When I’m over the threshold, she pushes it shut behind me and presses me against its surface. My brain short-circuits like it had the moment I saw her in the bar. Sounds cliché, but they’re clichés for a reason.
She’d been waiting tables at the restaurant I’d gone to for dinner. Not my waitress, but one a couple sections over. I’d lingered over a mediocre steak and over-dry baked potato that I’d washed down with cheap beer to watch her like some kind of creep. I’d stayed through dinner rush, then wandered over to the bar where she’d taken over serving drinks. She plied me with alcohol until I, with some stroke of luck or fate or both, convinced her to go to the bar next door when we couldn’t stay at the restaurant any longer. Some hours later, with enough alcohol to make bad decisions sound like good ones, I’d convinced her to come back to my place where we could be alone.

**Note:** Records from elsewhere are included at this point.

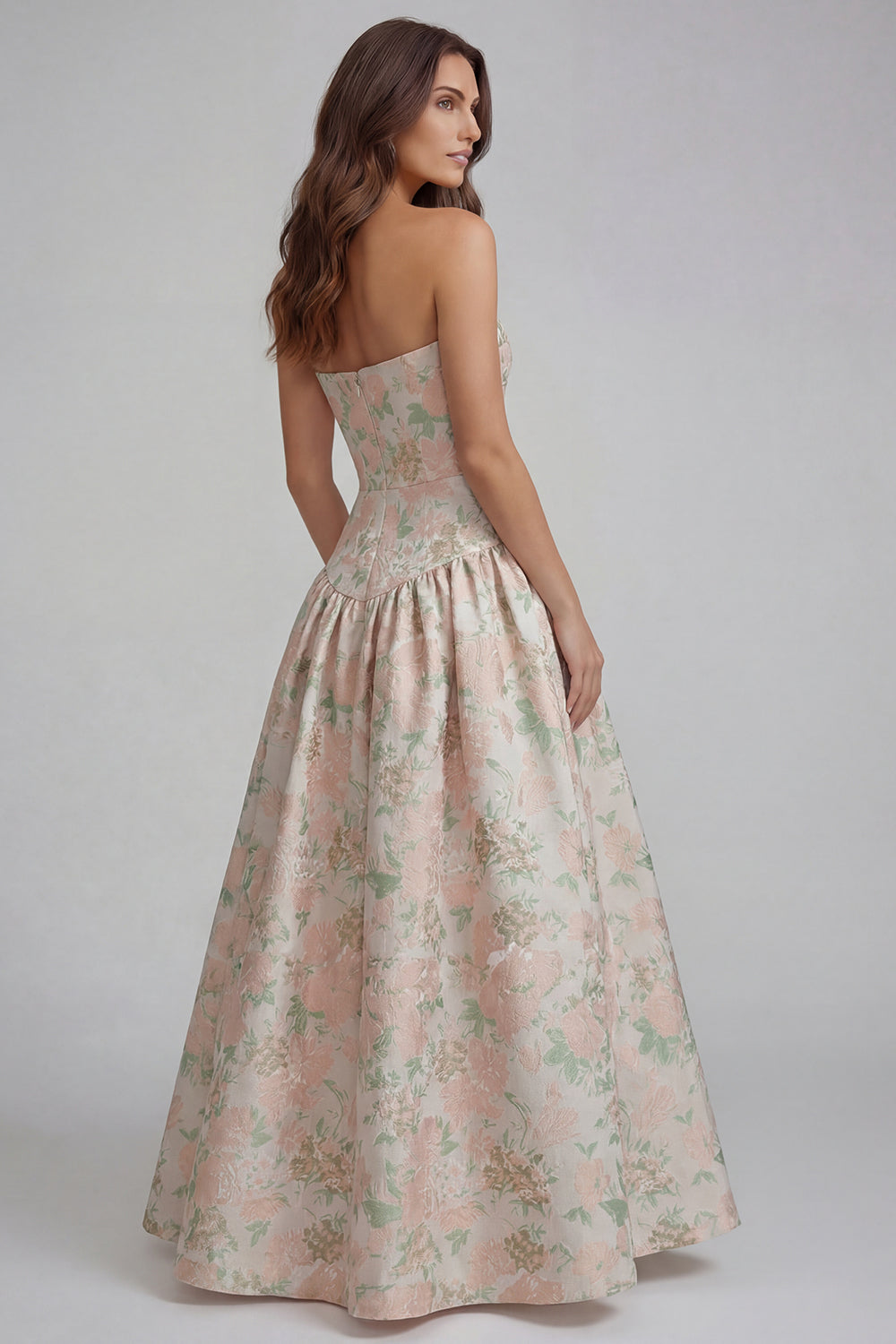 Strapless Blue White Floral A Line Maxi Wedding Guest Dress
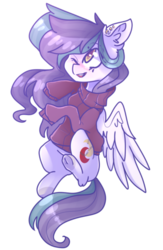 Size: 400x615 | Tagged: safe, artist:erinartista, oc, oc only, oc:yellow light, pegasus, pony, clothes, ear fluff, female, floating, happy, mare, one eye closed, open mouth, simple background, solo, spread wings, sweater, transparent background, wings, wink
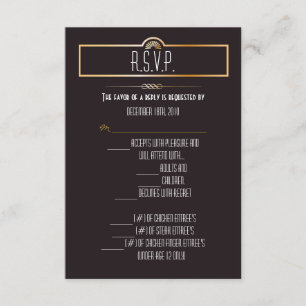 Convite Tema de Gatsby de Placa R.S.V.P. 3.5x5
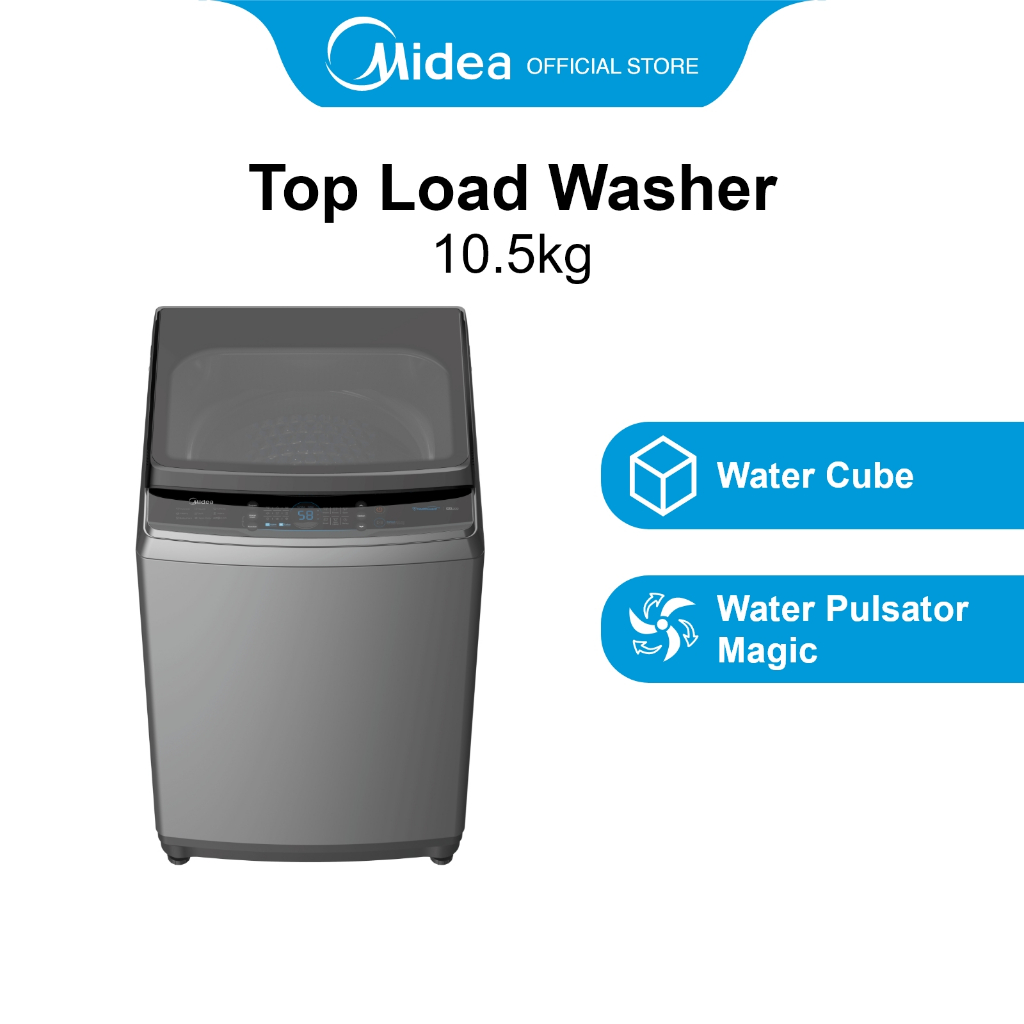 [Bulky] Midea MA200W105D Grey Top Load Washing Machine, 10.5kg, Water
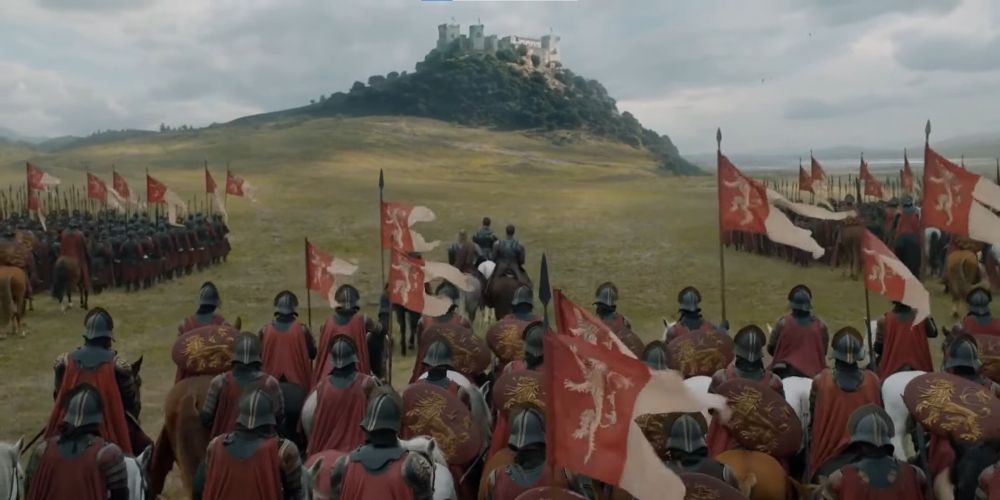 The Lannister army marches on Highgarden in Game of Thrones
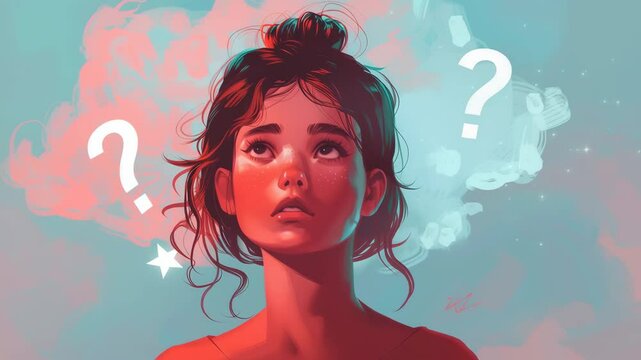 Illustration of girl with question mark in cloud above head.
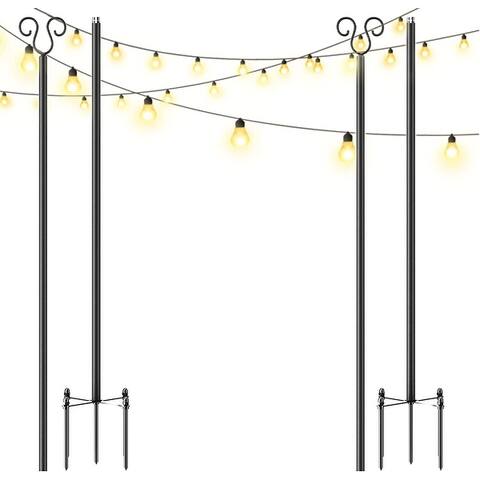 2 Pack 9ft String Light Pole with Upgrade Hooks - N/A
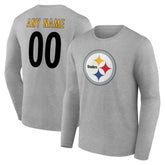 NFL Pittsburgh Steelers Team Authentic Personalized Name & Number Long Sleeve T-Shirt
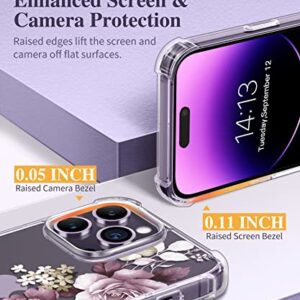 GVIEWIN Compatible with iPhone 14 Pro Case with Screen Protector & Camera Lens Protector, Floral Slim Shockproof Protective Hard PC+TPU Bumper Flower Women Cover, 6.1" 2022(Cherry Blossoms/Purple)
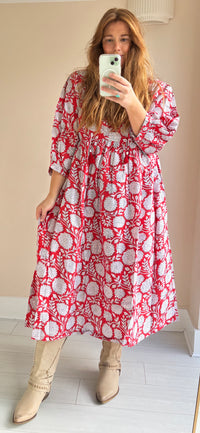 Floral-print cotton smock dress rose red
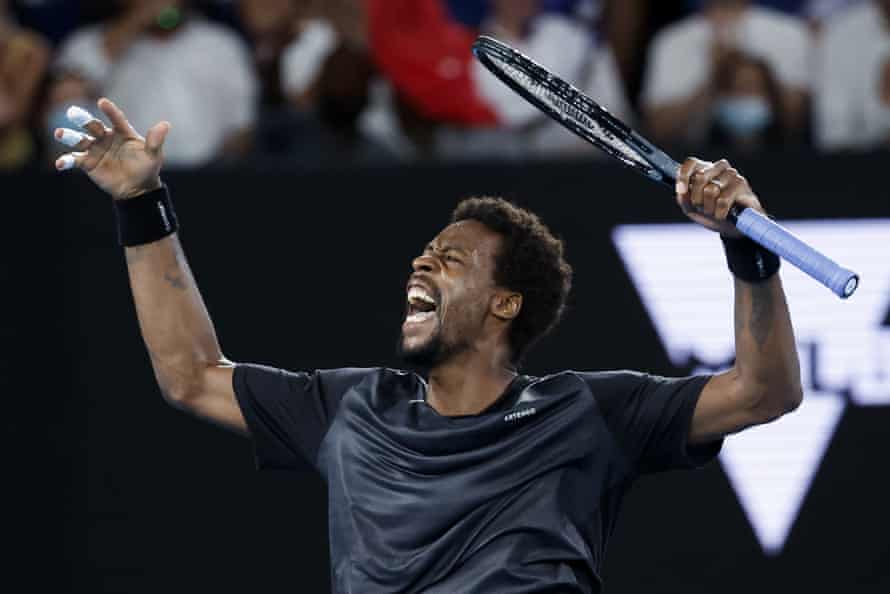 Gael Monfils of France reacts during his comeback charge.
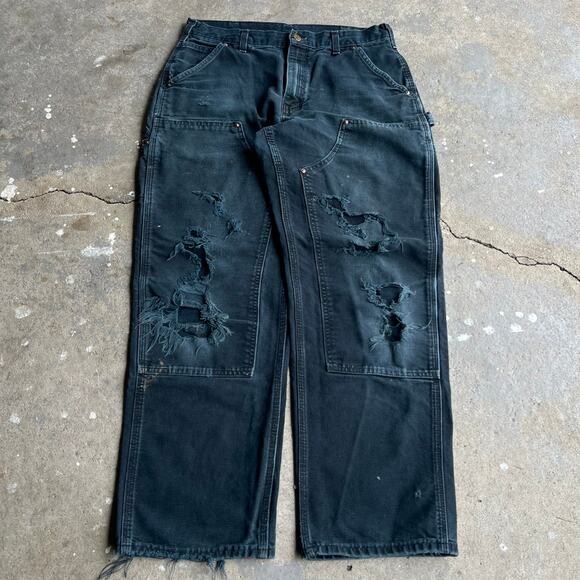 Vintage carhartt FADED black distressed double knee work...
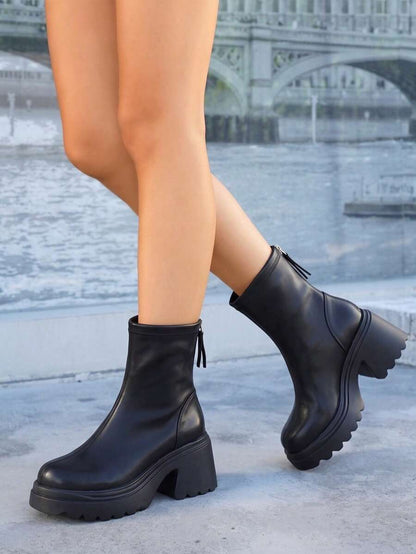 Women’s Slouchy Buckle Mid-Calf Boots – Chunky Heel Fall Boots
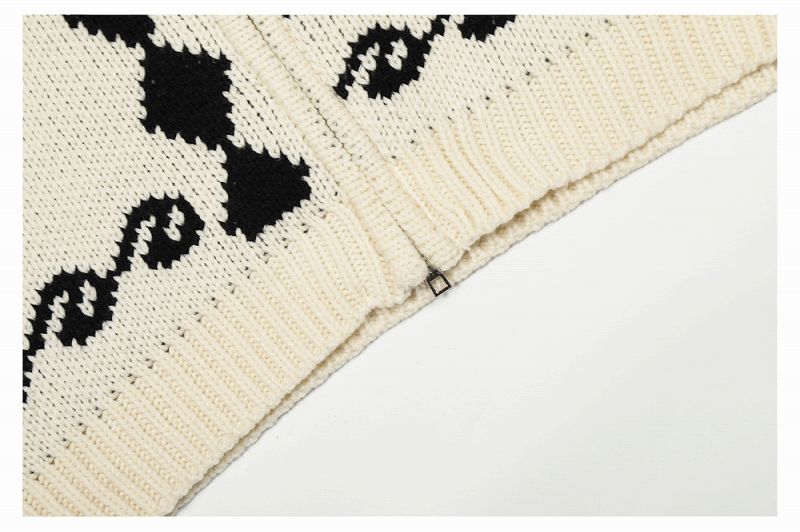 メンズ フード付き 長袖 ニット・セーター 男女兼用 ジップアップ トップス 秋冬 2026新作★全2色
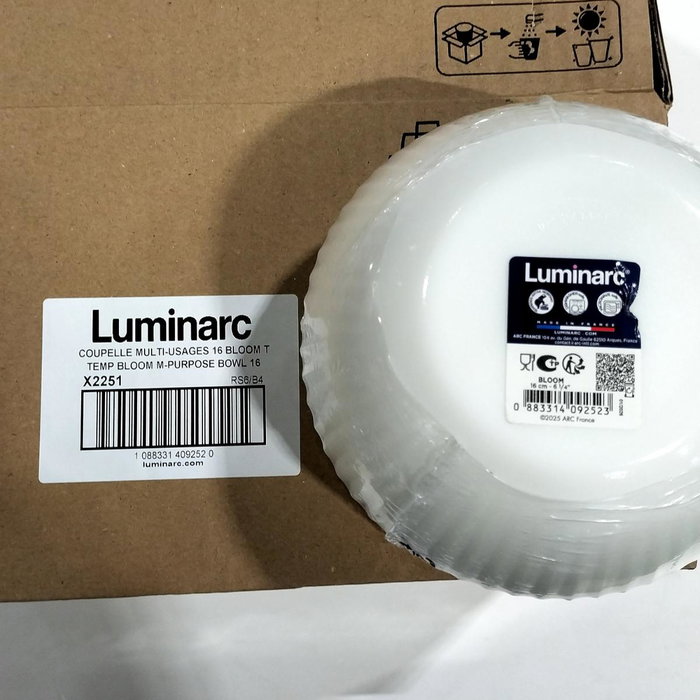 Luminarc Cuenco Multiusos Bloom Blanco 16cm de Vidrio Templado Luminarc Cuenco Multiusos Bloom Blanco 16cm de Vidrio Templado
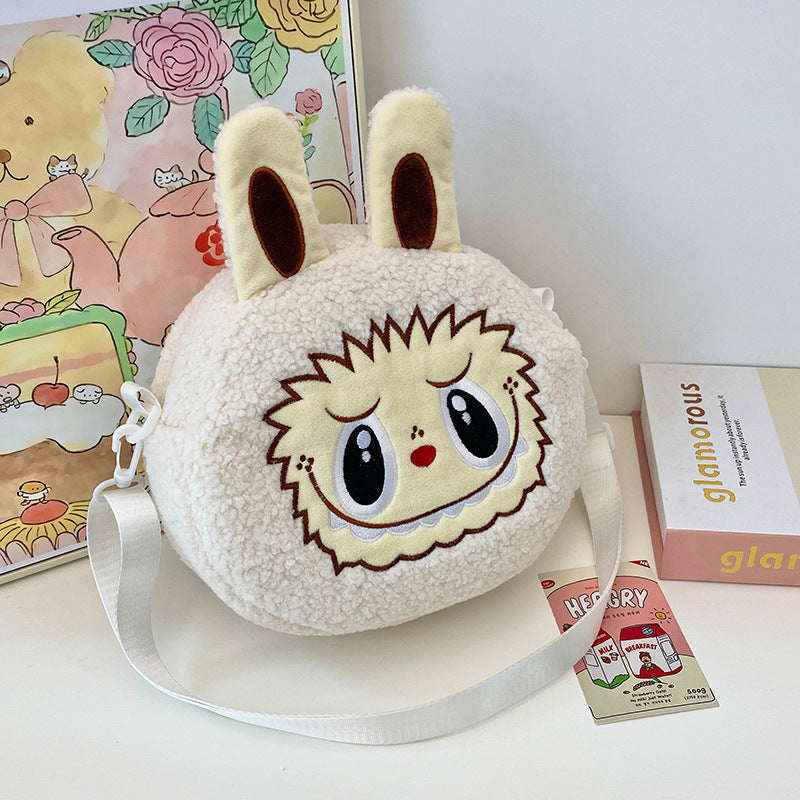 New Cartoon Crossbody Double Backpack Plush Bag City Park L Labubu Bag Crossbody Bag Children's Bag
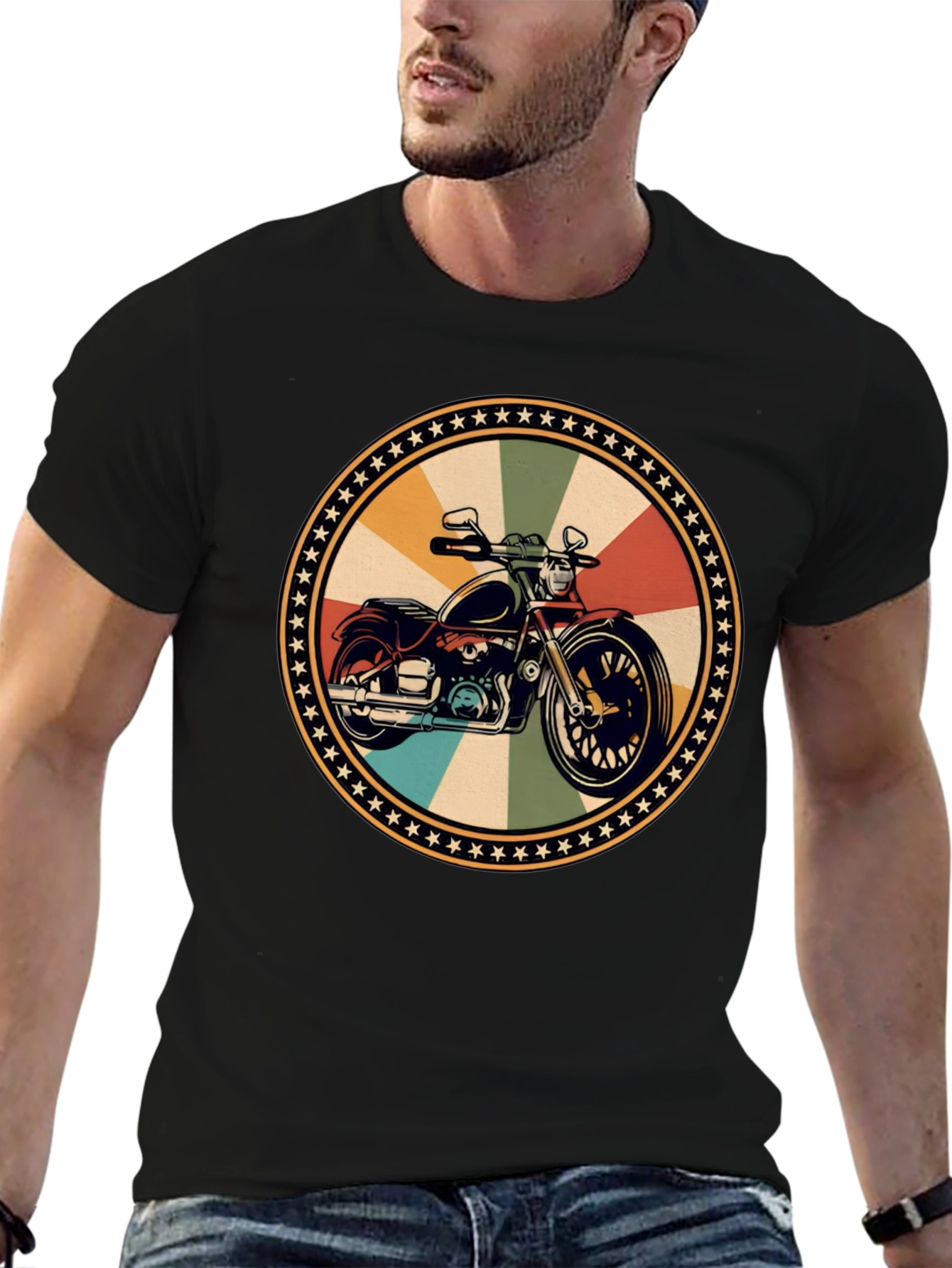 Retro Motorcycle Graphic Black T-Shirt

“I’m not complaining,” I say and let my hands wander wherever she’ll allow them. “I wouldn’t judge you even if you did.”
She pauses her own explanation to peer up at me with fathomless brown eyes. “That’s so sweet,” she says, causing me to laugh. “What did you say your name was again?”
“Walker,” I answer and brush back her loose brown curls from her face. God, I want to kiss her.
“I’m Avery.”
“I remember.”
She presses her eyes shut, sighs a little. “We should probably talk some more. Get to know each other better. I think I’m a little drunk.”
I close my eyes and lean my head against the door, praying for some self-control. “Whatever you want. I just don’t want to be alone.”
Her fingers pause their exploration of my chest over the thin material of my T-shirt. I glance back down at her, watching her study me. Fuck, maybe she was right. I’d had way too much to drink.
“I don’t want to be alone either,” she confesses.
Wanting nothing more than to taste those confessions on her lips, I instead put my hands on her arms and put some much-needed distance between us. “Why don’t you sit down? I’ll make us some coffee. I think there’s some in the kitchen.”
At this, she chuckles and carefully sits on the small leather sofa in the living room. “You don’t know if you have coffee in your own house?”